Joe Kahn, the new director of “The New York Times,” the paper’s biggest digital expert, advises editors not to get too involved in Twitter or social networks, as they don’t reflect the real world. “We want journalists to pursue their journalistic mission outside of networks.”
5 years ago, the previous director, Dean Baquet, asked the public to be very mindful of seeing it, and asked the editors to only comment on Twitter so that they would not be seen as neutral. Another example of how innovation discoveries take us away from a point where we came back.
Robotics is working with electronic meat and human skin to improve our future experience with robots. Searching for the robot in human form, the android, raises a suspicion: when distrust shifts towards robots and humans rely more on relationships with the same rather than similar humans, who can guarantee that humans will not replace most of these robots with human tactility? ?

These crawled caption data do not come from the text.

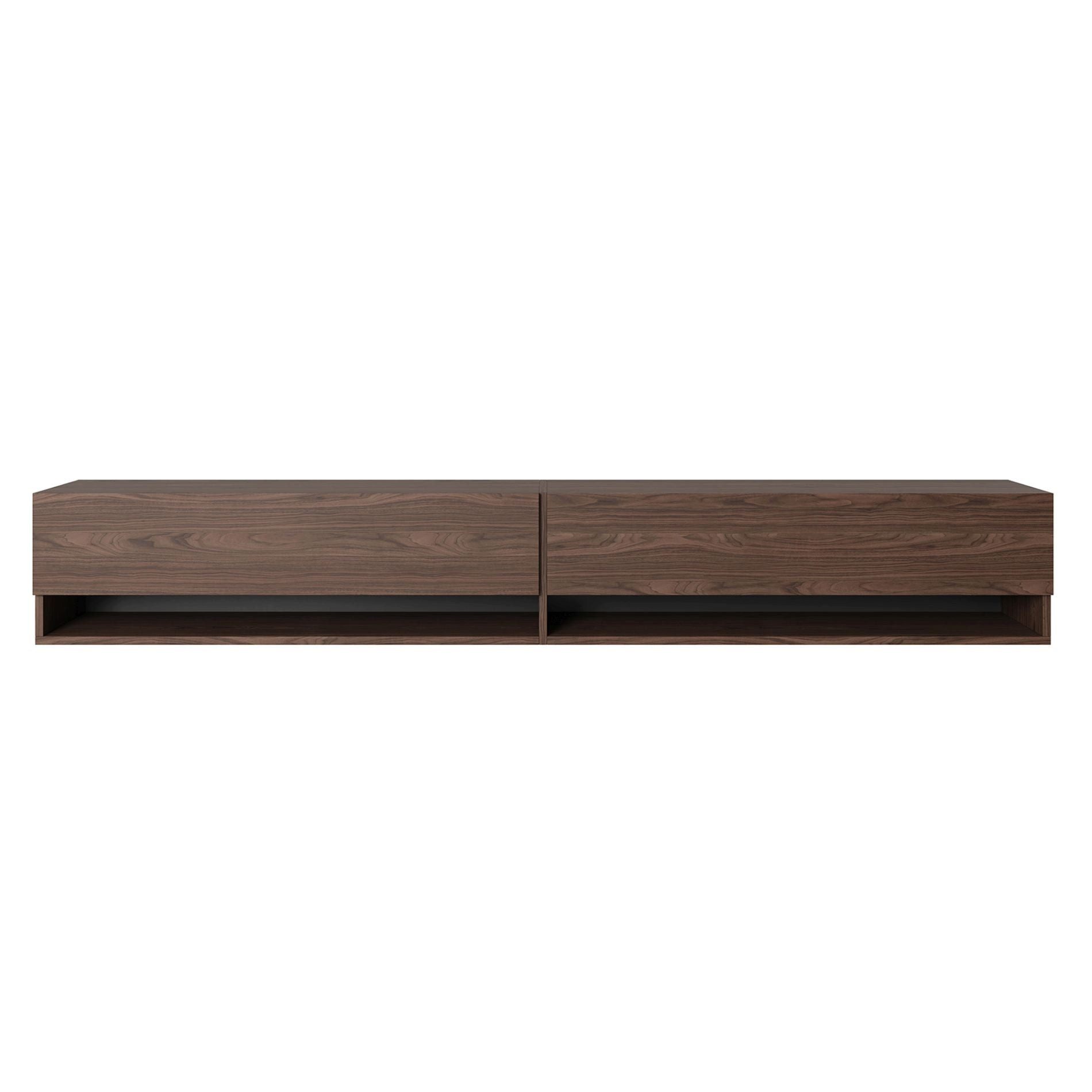 Selsey TV-Schrank MIRRGO hängend, 2-türig mit 2 offenen Fächern, 200 cm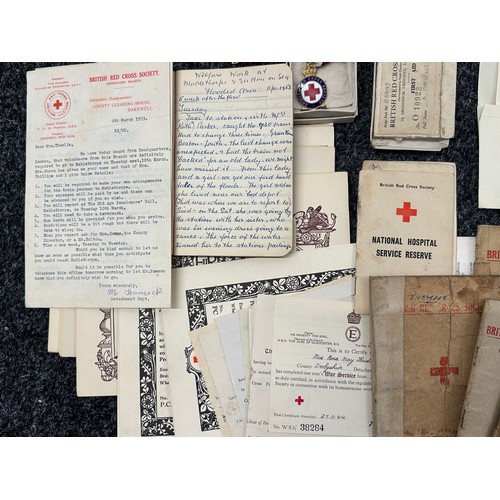 2036 - WW2 and later Red Cross Nurses Medal Group to Mrs Rosa May Thawlis to include: Civil Defence Long Se... 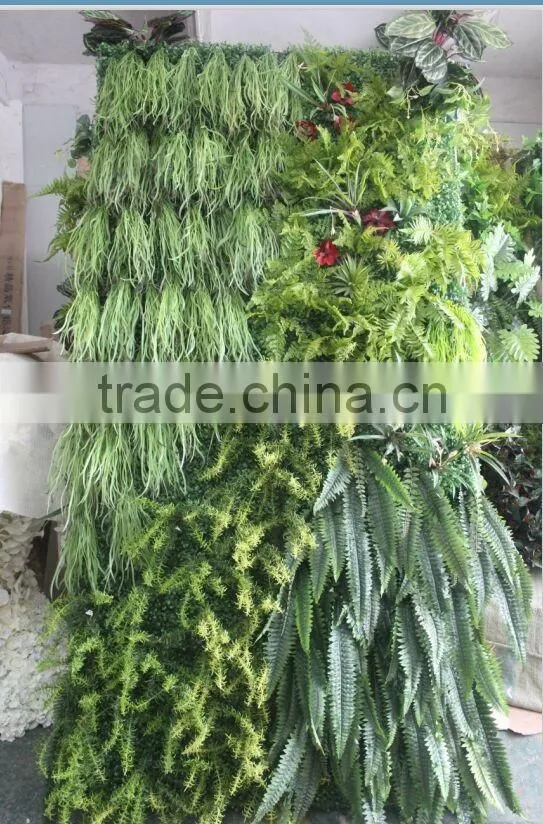 Exterior fake backdrop green plants wall for home or hotel decoration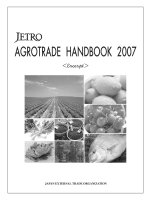 JETRO AGROTRADE HANDBOOK 2007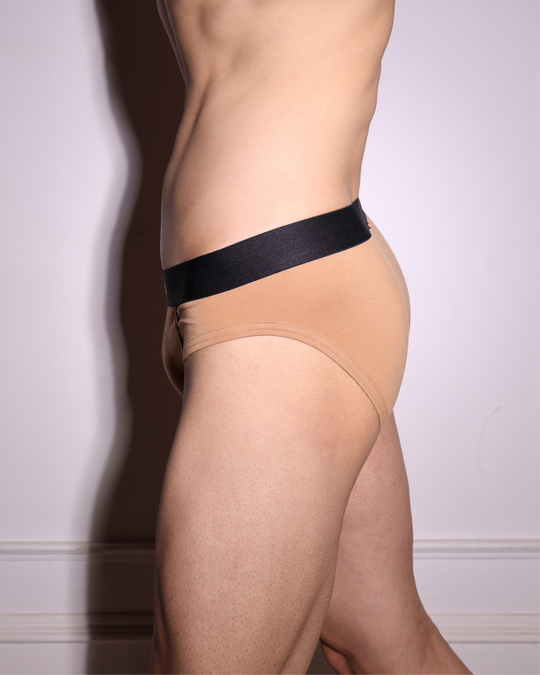 Gentleman's Edge Brief, tan (black waistband), photo 1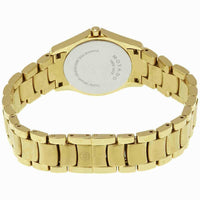 Movado Women's Diamond Watch - Masion Black Dial Yellow Gold Bracelet | 0607028 ,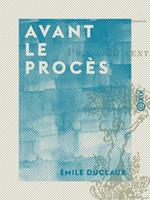 Avant le procès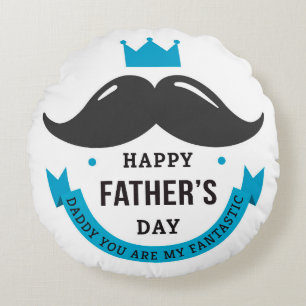 Almofada Redonda Happy Father's Day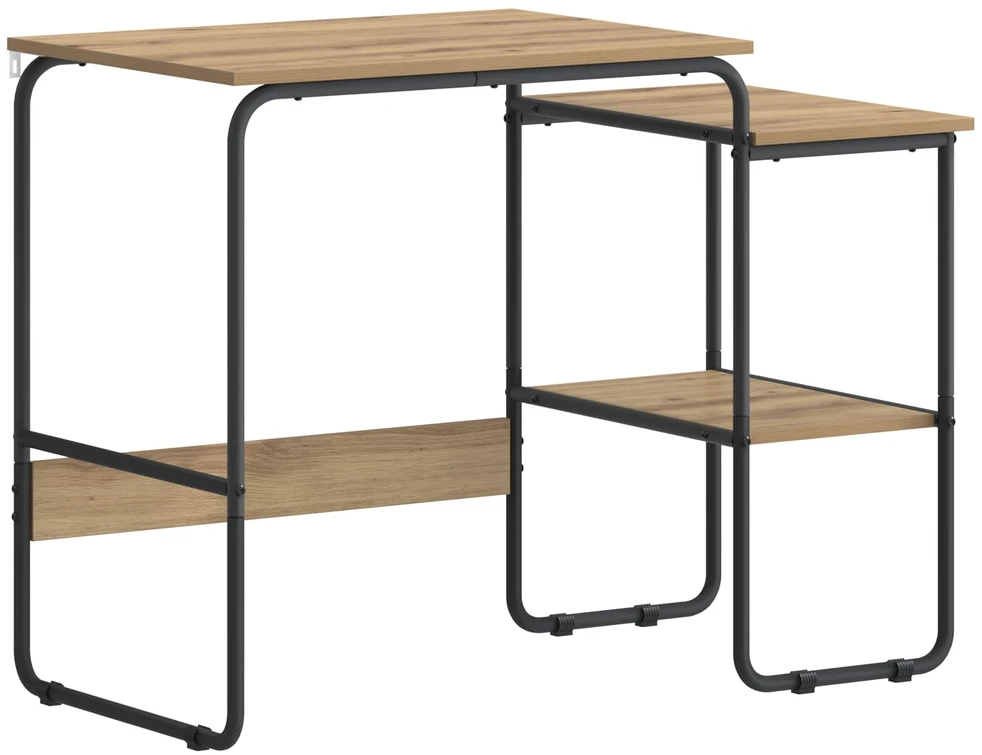 Stalas su saugojimo vieta Artisano ąžuolo 100 x 50 x 75 cm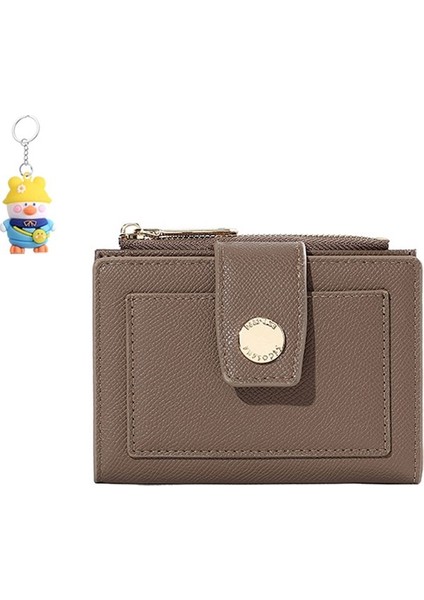 Moda Kart Tutucu Kadın Çoklu Kart Yuvası Boş Para Cüzdan Kısa Cüzdan (Yurt Dışından)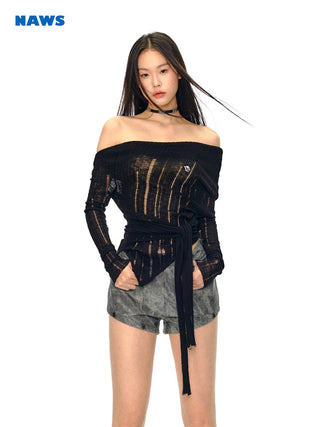 [NAWS] Slim Waist Off shoulder top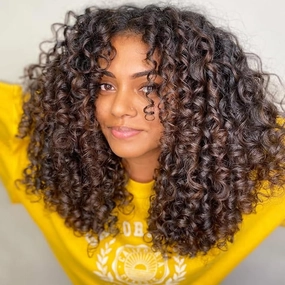 Curly Crochet Hair 14 Inch GoGo Curl Crochet Hair for Women Short Beach Curl Water Wave Crochet Braids for Women 7 Packs Curly Braiding Hair for Boho Braids (14 Inch, 1B/30)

All these doubts come to my mind after the physical store of Amazon, a large online store, opened in Los Angeles. Growing up saying that the physical store for display and sale, mannequins, shelves, donkeys, testers, and tactile and visual contact with merchandise is a thing of the past, the warehouse has opened a physical store that one of its employees calls “the future”. The result is not the same as the physical stores before the electronic store, this Amazon in Los Angeles is very robotic and algorithmic but has a lot of hiding scenes so that the number of people behind it to deliver the goods, to pick them up, is invisible. Electronics that will put an end to the physical The concept of the store has passed from antithesis to synthesis, like the skin required for robots to touch people, and a fact that cannot be explained by just looking at social networks.The future is reached by drawing circles.